April 16/23, 2018: Volume 33, Issue 22

By Lisbeth Calandrino

Every team looks to hire superstars. However, extremely talented people are hard to find and recruit—and did I mention expensive? Just look at major league sports teams and what they spend to bring in superstars. If you really want great talent, why not coach the ones you already have? Take those Clark Kents and turn them into supermen and superwomen.

If you aren’t already building superstars, consider the idea that your managers may just be managing and not coaching. Those who don’t coach aren’t necessarily bad managers, but if they don’t coach they are overlooking an important tool to develop talent. A good manager can kick your butt when it’s needed and help you focus on what you’ve been avoiding.

The coaching statistics are pretty impressive. According to a recent study by Knowledge Tree, sales representatives receiving at least three hours of coaching per month exceed their selling goals by 7%, increase revenue by 25% and improve closing rates by 70%. Who wouldn’t want those statistics?
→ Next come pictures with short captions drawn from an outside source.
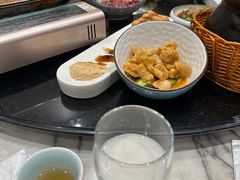 -苏浙徽·江南荟·本味融合菜(相城方圆里店)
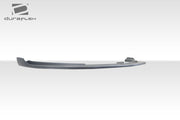 2014-2015 Mercedes CLA Class C117 CLA45 Duraflex R Spec Front Lip Under Spoiler - 1 Piece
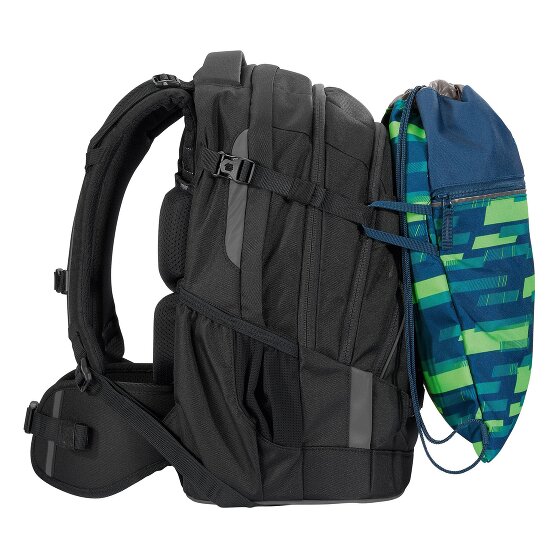 coocazoo Worek gimnastyczny 43 cm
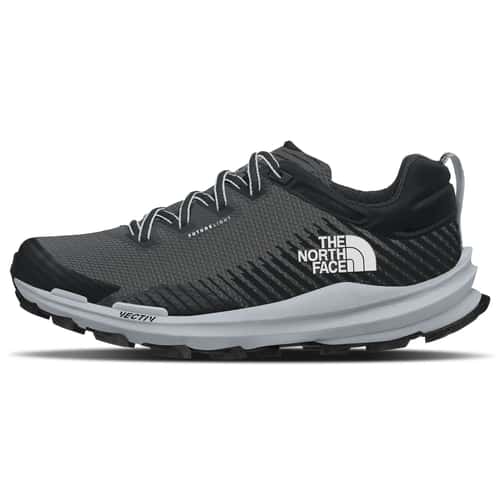 The North Face Women's VECTIV Fastpack FUTURELIGHT™ Hiking Shoes alt image view 1
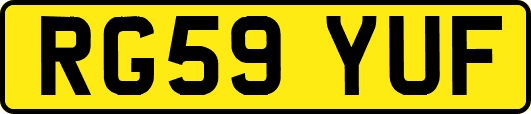 RG59YUF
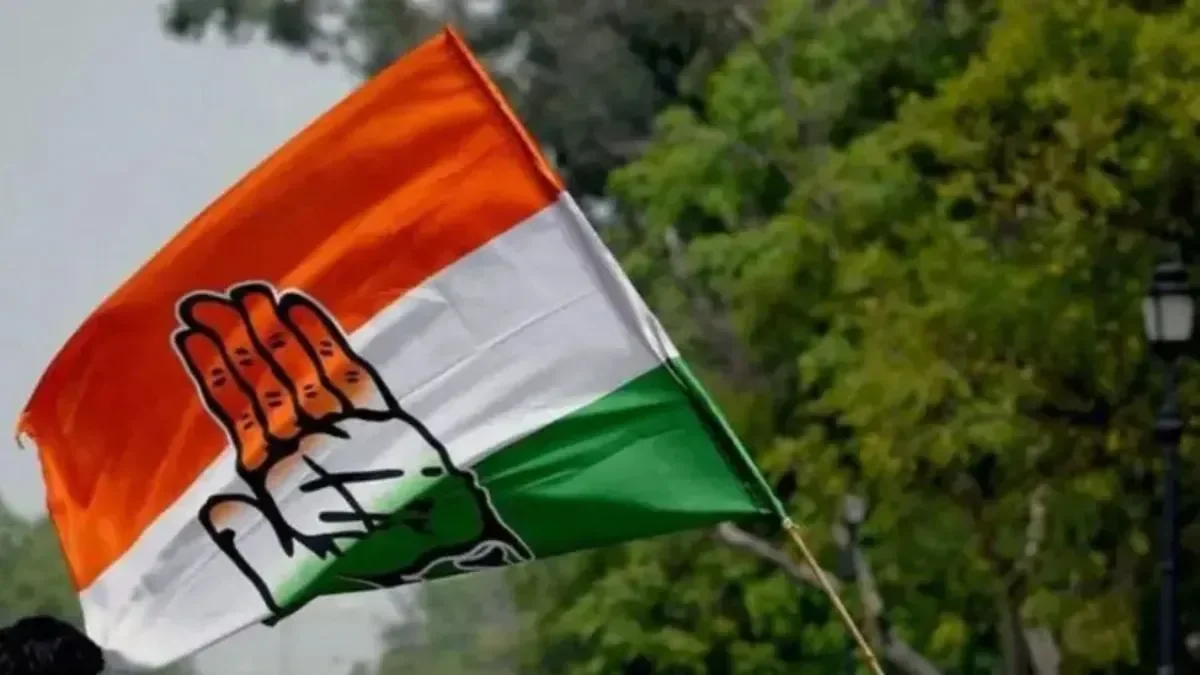 AICC buys time to declare Kerala CM - 3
Teams are how things get done in most businesses. Think about your own company—what jobs do you have that don’t depend on several people to get it done right? We usually don’t think about how we can coach individual members to make them even better. For example, if you owned a major league franchise, you would try to figure out how to get your investment to pay off.

Interestingly, you actually have a major league franchise and have a lot invested in the people who work for you. Think about how much you have invested in your showroom to keep it looking clean and up to date as well as your trucks and vans.
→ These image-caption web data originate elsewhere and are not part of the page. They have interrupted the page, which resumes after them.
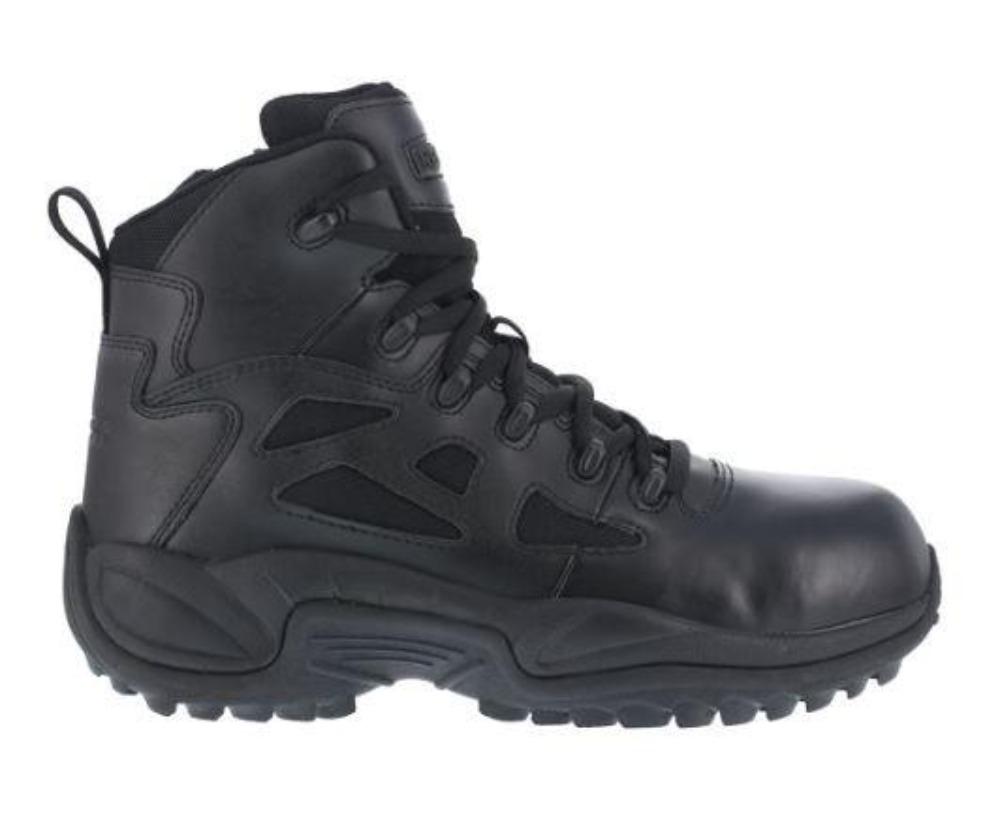 reebok work boots australia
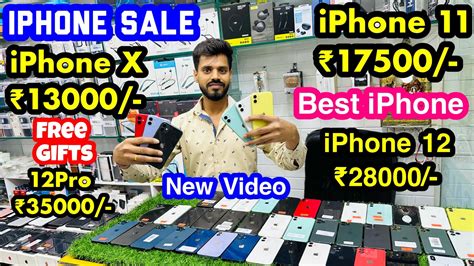 Cheapest Iphone Market In Delhi Second Hand Mobile Iphone 14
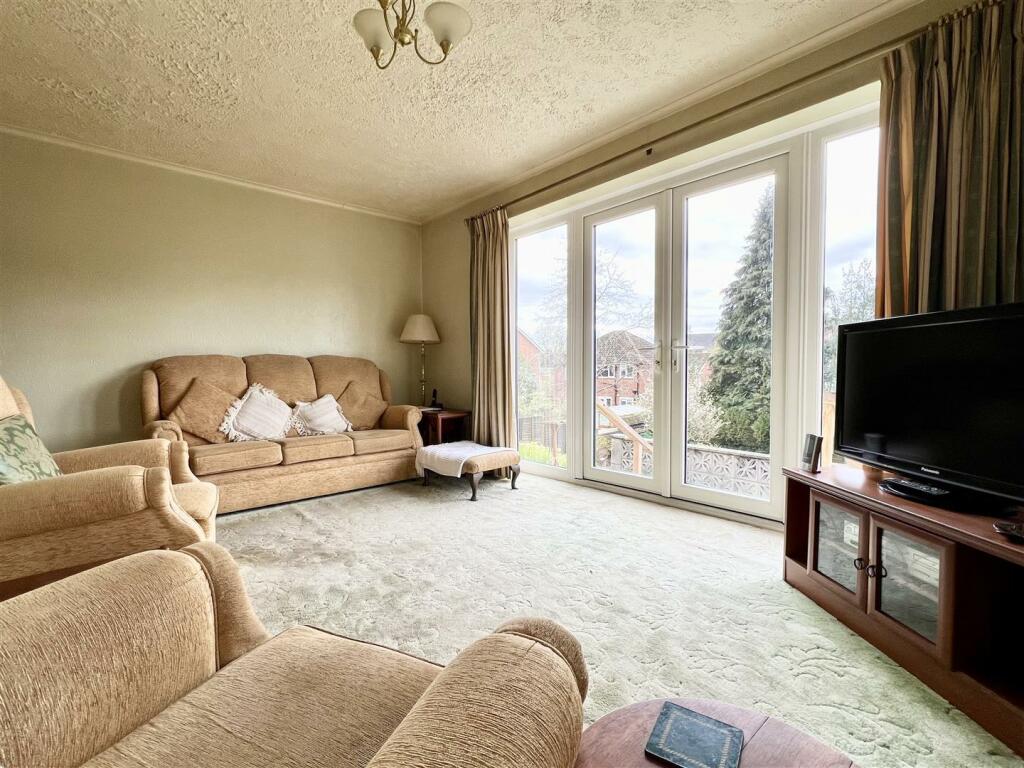 Additional image 4 of Grange Road, Halesowen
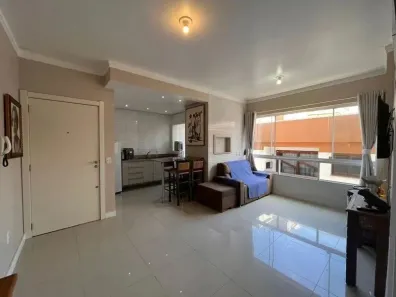 Apartamento com 3 Quartos à venda, 77m² no Centro, Capão da Canoa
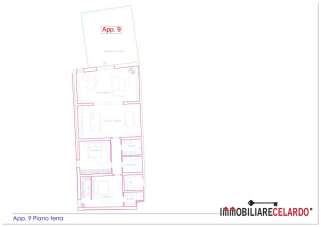 Verkauf Vier zimmer, Gambassi Terme Verkauf Vier zimmer, Gambassi Terme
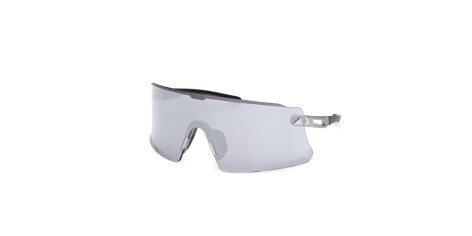 Adidas Sport SP0100 (20C)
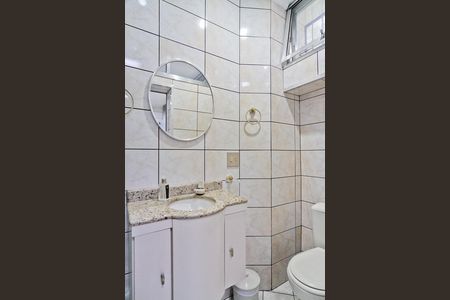Casa à venda com 280m², 3 quartos e 2 vagas Casa à venda com 280m², 3 quartos e 2 vagasÁrea de Serviço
Things are good, you say, why change anything? This is often called the complacency of success and could be the beginning of the end. The more we want things to stay the same the quicker they are changing in the real world. They say hindsight is 20/20; it can also bite you in a place you can’t reach. You may be wasting a whole lot of time and money not doing anything. Here are somethings a coach can do for you:

Make your team more functional. You know those stupid jokes your employees play on each other when there’s nothing to do? Once they start building goals and questioning their values, they will have plenty to do. They will also begin to understand their team members and start working together. Tasks will get executed more efficiently when there’s something in it for everyone.

Help the team adjust to any changes. A good coach can act as a consultant and teach the team skills that will help them adjust. The coach can also teach problem-solving skills.
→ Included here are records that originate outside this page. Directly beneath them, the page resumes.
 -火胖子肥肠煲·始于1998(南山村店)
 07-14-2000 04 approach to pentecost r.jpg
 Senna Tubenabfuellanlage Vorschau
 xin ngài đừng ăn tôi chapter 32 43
Help you see employee patterns. Good coaches look at nonverbal cues, the language people use when they speak about themselves and others. Do they say they feel powerful and then use “wimpy” or tentative language, such as “maybe” or “I should do that” instead of “I will?” These things take away from their power. Do they see themselves as team players but always use “I” instead of “we” when talking about how a task got done? Do they sit with their arms crossed while leaning back in their chairs? A coach can pay attention to these telling cues.

To learn more about coaching, join me at The Remodeling Show in Baltimore, Oct. 9-11, at the Baltimore Convention Center, where I will be speaking on, “The Coaching Edge, Building a Successful Team.” You can also call me at 518.495.5380.

Lisbeth Calandrino has been promoting retail strategies for the last 20 years. To have her speak at your business or to schedule a consultation, contact her at lcalandrino@nycap.rr.com.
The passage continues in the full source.